In occasione della Giornata Mondiale del rifugiato, che ricorre lunedì 20 giugno, Cgil, Cisl e Uil dell’Emilia-Romagna visiteranno alcuni Centri di accoglienza della nostra regione.
Negli ultimi due anni, i sindacati hanno mantenuto con la Regione Emilia-Romagna un confronto periodico sull’accoglienza dei richiedenti protezione internazionale, dal quale è recentemente scaturito un documento di valutazione e proposte, che hanno l’obiettivo di contribuire alla costruzione di un’accoglienza sempre più inclusiva.

La nostra è una Regione virtuosa, con una sistema di accoglienza che funziona e con buoni standard qualitativi, a partire dall’ hub regionale di via Mattei, dalla quale sono passate più di 12000 persone dal 2014 ad oggi, con una media di 20 giorni di permanenza. “Non possiamo che ricordare la scelta di chiusura dei due Cie operativi a Modena e Bologna, scelta che si è rivelata fondamentale per la costruzione dell’attuale sistema di accoglienza. Tali chiusure, operate dal Ministero dell’Interno, sono state anche il frutto del protagonismo del sistema delle Autonomie Locali direttamente coinvolte, della Regione e delle Organizzazioni sindacali confederali, nella convinzione che, nel caso dei Cie, si fosse di fronte a strutture degradate, inadeguate e nelle quali non erano garantiti i diritti umani.
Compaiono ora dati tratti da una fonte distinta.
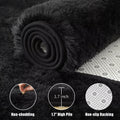 Macgace 6x9 Black Shag Area Rug Fluffy Plush Non-Slip Washable by Deal US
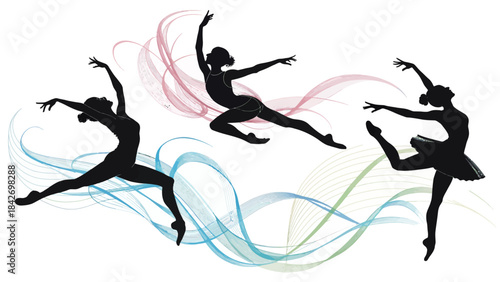 Dynamic Dancers Silhouette Collection - Expressive Human Figures in Motion and Performance Art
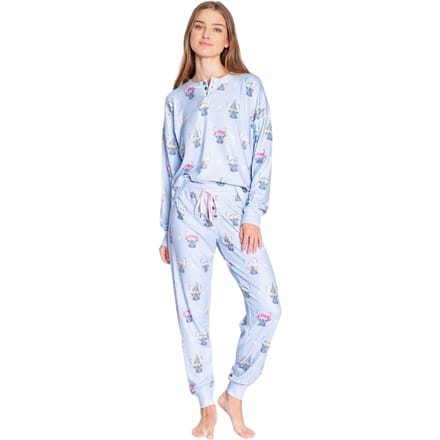 PJ Salvage Dames/Dames Franse Bulldog Pyjama Set (Lichtblauw)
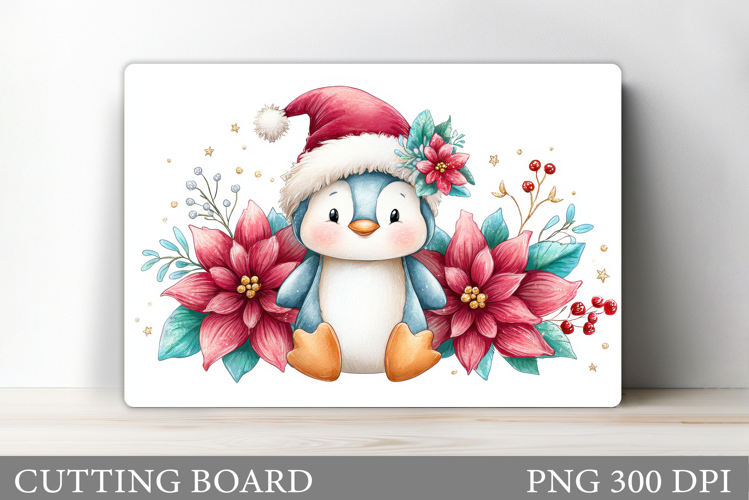 Cute Penguin Cutting Board. Christmas Cutting Board Design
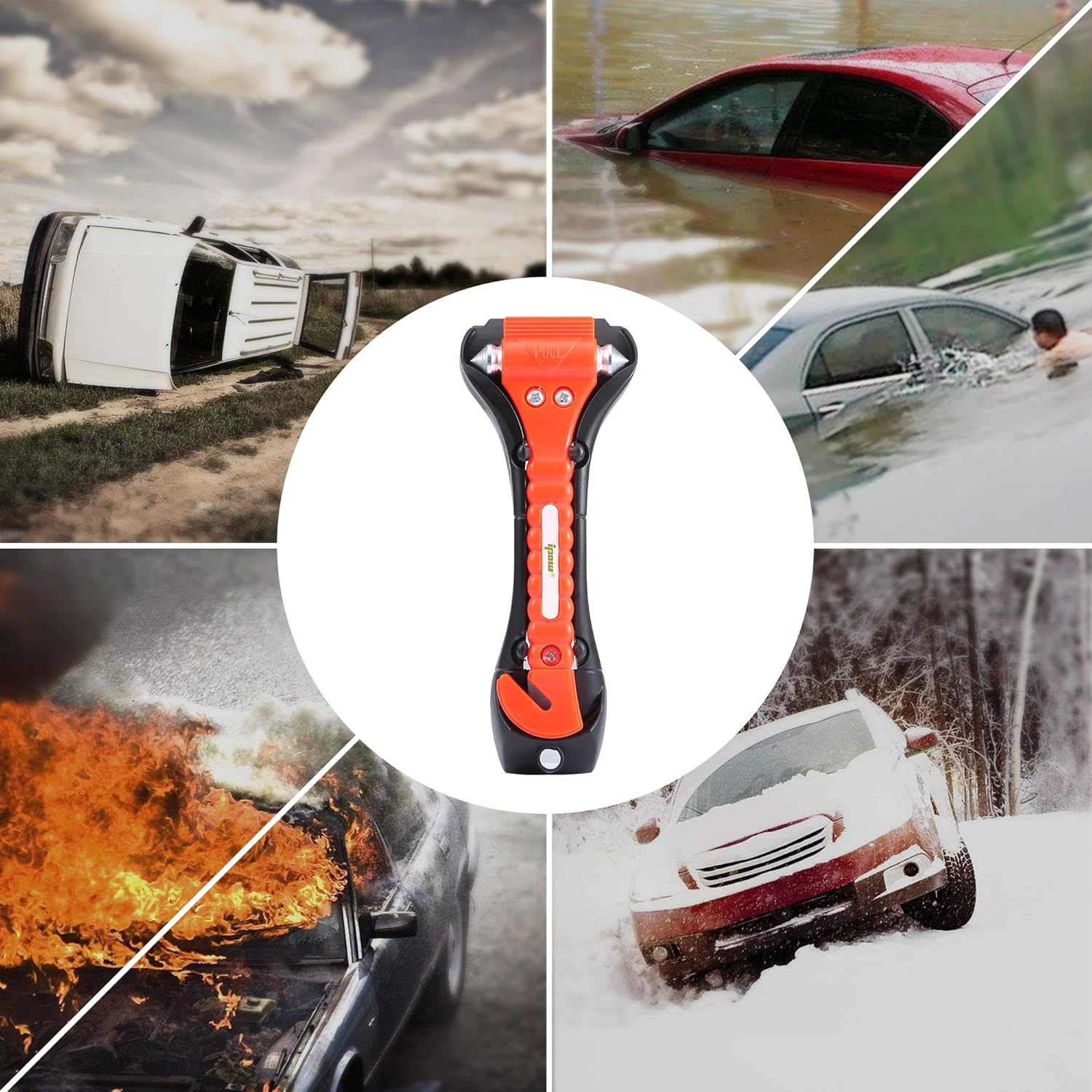 IPOW 4 PCS Car Safety Antiskid Hammer Seatbelt Cutter Emergency Class/Window Punch Breaker Auto Rescue Disaster Escape Life-Saving Hammer Tool,Big: Automotive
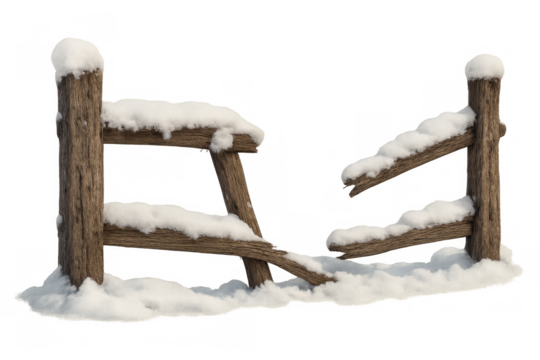 Broken wooden fence covered in winter snow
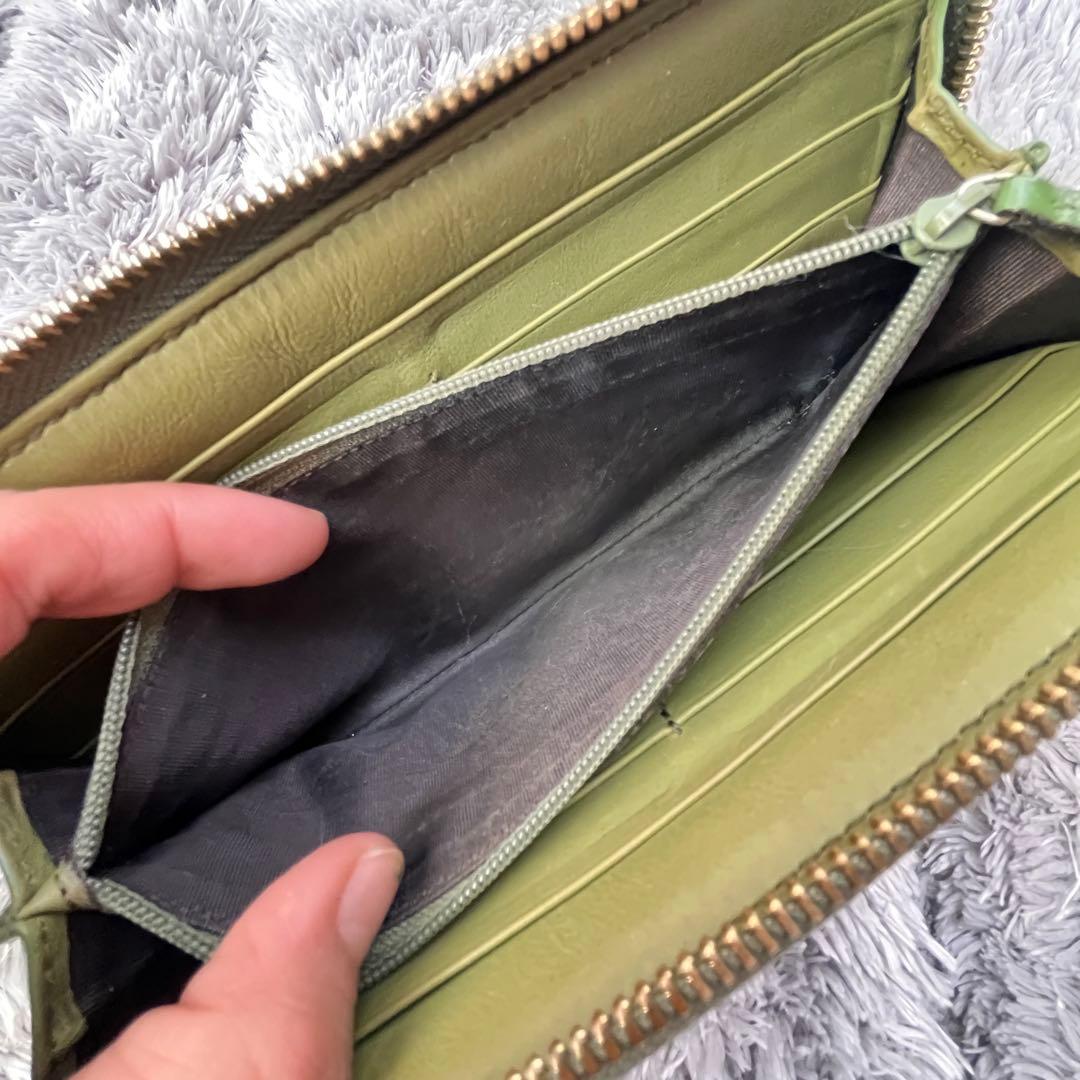 GUCCI ✨GGキャンバス　L字ファスナー　グリーン　長財布　ラウンドジップ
Ad ogni livello del sistema di accoglienza è infatti necessario garantire trasparenza, legalità, diritti delle persone accolte e diritti del lavoro di chi opera nelle strutture”. I dati relativi alle strutture di accoglienza dell’Emilia Romagna indicano la netta prevalenza delle presenze nelle strutture temporanee in capo alle Prefetture (Cas), rispetto al sistema Sprar. Anche per questo motivo, attualmente l’accoglienza ha servizi e livelli qualitativi non omogenei, in particolare per quanto riguarda il supporto a percorsi di inclusione sociale, come la mediazione linguistico-culturale, l’orientamento e informazione legale o i servizi per l’inserimento lavorativo.

Rispetto all’inserimento lavorativo, i sindacati sottolineano la problematica di chi, in possesso di un titolo di soggiorno per protezione internazionale o per motivi umanitari, esce dai Centri di accoglienza e rimane privo di mezzi per il sostentamento, oltre a non essere stato nel frattempo inserito in alcun percorso di inclusione sociale. Esattamente la condizione che si è verificata al termine della “emergenza nord-Africa” del 2011, con la differenza che stiamo parlando di numeri molto più elevati e, in prospettiva, probabilmente crescenti.

Una soluzione è certamente anticipare le attività rivolte all’inserimento sociale e lavorativo già nella prima fase di accoglienza e che una presa in carico e assistenza che prosegua anche oltre la conclusione dell’iter della domanda di asilo: “Bisogna lavorare in modo intersettoriale, individuando gli strumenti più adatti tra quelli già disponibili nella nostra realtà regionale. Pensiamo ad esempio alla recente legge regionale 14/2015 a sostegno dell’inserimento lavorativo delle persone in condizione di fragilità; per l’accoglienza abitativa per tutti i rifugiati, invece, se i posti Sprar saranno insufficienti, si potrebbero studiare e approfondire – sulla base delle esperienze delle Agenzie per l’affitto e di housing-first – l’organizzazione di piccoli gruppi in coabitazione presso abitazioni date in locazione da privati o la possibilità di costruire progetti per l’utilizzo dei beni confiscati alla mafia”.

Cgil, Cisl e Uil considerano la rete SPRAR il punto cardine del sistema di accoglienza dei rifugiati: si impegnano pertanto a sostenere tutte le strategie che mirano ad incentivare la partecipazione ai bandi Sprar da parte degli Enti locali della nostra Regione che in questo momento non hanno in attivo posti Sprar, per evitare concentrazioni in pochi Comuni e promuovere un’accoglienza il più possibile distribuita e di qualità.

Le OO.SS ritengono, infine, fondamentale la concertazione tra Istituzioni (Regione, Enti locali, Prefettura), Parti sociali e Associazionismo sul tema dell’accoglienza dei richiedenti protezione internazionale. “L’esperienza fatta con l’Accordo regionale di collaborazione per la realizzazione di attività di volontariato da parte di persone inserite in programmi di accoglienza (settembre 2015), può costituire un modello applicabile anche ad altri aspetti.  La Regione ha assunto un ruolo di coordinamento e regia, che riteniamo efficace per affrontare al meglio situazioni di emergenza spesso soggette a cambiamenti non prevedibili. Un sistema di accoglienza che veda l’approfondimento, la riflessione, l’apporto positivo di diversi componenti istituzionali e della società civile, aumenterebbe non solo la qualità, ma anche la visibilità e la trasparenza degli interventi, contrastando la diffusione di semplificazioni e generalizzazioni, se non di vere e proprie disinformazioni, che alimentano tensioni e insicurezza nella popolazione”.